Employers and employees are obviously headed for a collision to be played out in a workplace near you.  A recently released Deloitte report called the standoff “a tale of two mindsets.”

Many employers seem to believe their employees have few options in this weak economy.  They feel employees should feel lucky they have job.

Employees, especially the most talented and qualified, see the world a bit differently. Among employees surveyed in the Deloitte survey, a significant number of workers are looking to jump ship. Thirty percent of employees are currently working the job market and nearly half are at least considering leaving their current jobs.

That stands in sharp contrast to the executives who were surveyed. Only 9 percent of executives expect voluntary turnover to increase significantly among Generation X employees. That means 9 out of 10 executives may be ignoring the elephant in the room.

The survey revealed that about 22 percent of Generation X employees are actively job hunting.  Even more alarming, only 37 percent plan to remain with their current employers.  Employers might find Generation Y a little stickier when it comes to retention but even then 44 percent plan to stay put over the next year.

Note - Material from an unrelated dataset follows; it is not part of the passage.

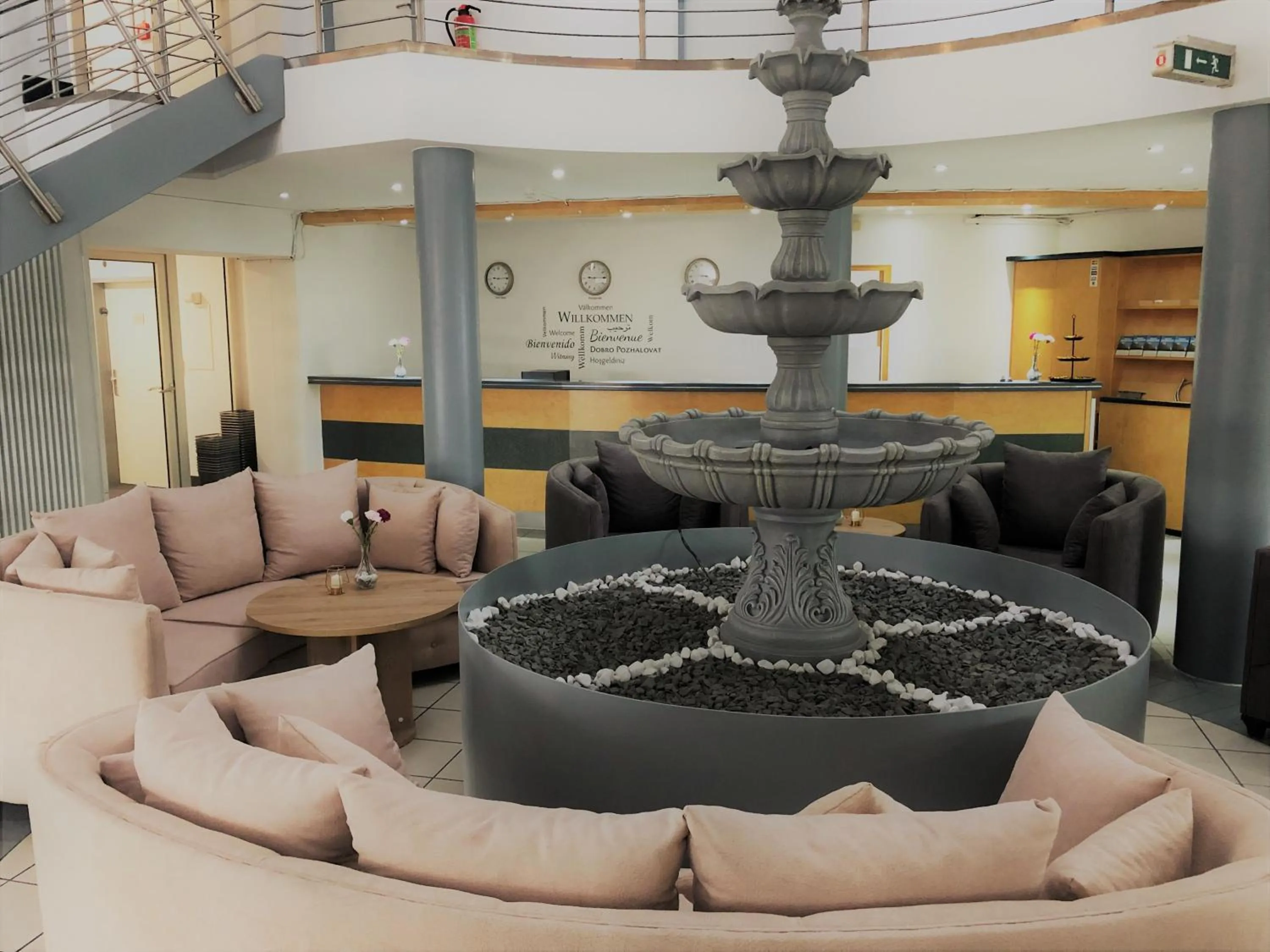Lobby or reception in A&M Hotel Barsinghausen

Employee retention isn’t the only thing that executives and employees appear to disagree on. When asked to rank their top three retention tactics, employees chose in every instance different non-financial incentives than the executives. Even greater differences existed when executives were asked to identify retention strategies that might appeal to different generations.

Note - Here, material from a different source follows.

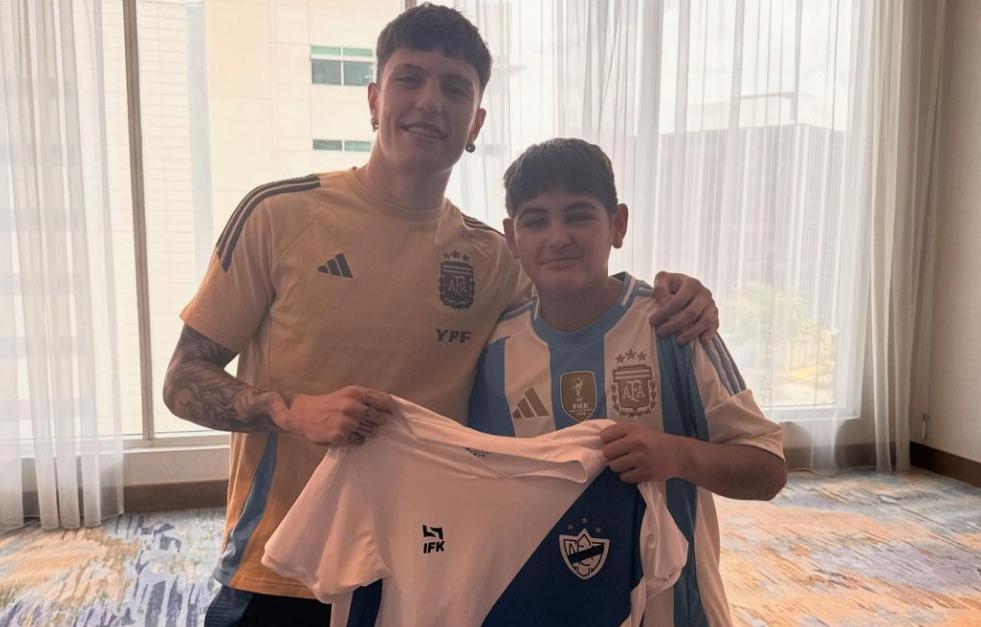 Copa América: el particular regalo que recibió Garnacho en la previa del duelo entre Argentina y Ecuador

For instance, Gen Y and executives agreed that additional compensation and bonuses were effective.  But that’s where agreement broke down.  While 29 percent of the executives believe flexible work arrangements were what Gen Y wanted, nearly 4 out of 10 Gen Y employees said they wanted job advancement opportunities.  Generation X wants a job with good wages but are only willing to stay if they can learn new skills too.

Like they’ve done many times in the past, Baby Boomers break the mold on retention strategies too.

Baby Boomers are looking for strong leadership, additional bonuses, and more compensation. Executives offer benefits, bonuses and flexible work arrangements.

Based on the results of this survey, executives are offering money and flexibility while the three most active generations in the workplace want opportunity, bonuses, and compensation.  Executives need to learn that one size doesn’t fit all when it comes to employee retention and stop using the recession as their primary retention strategy.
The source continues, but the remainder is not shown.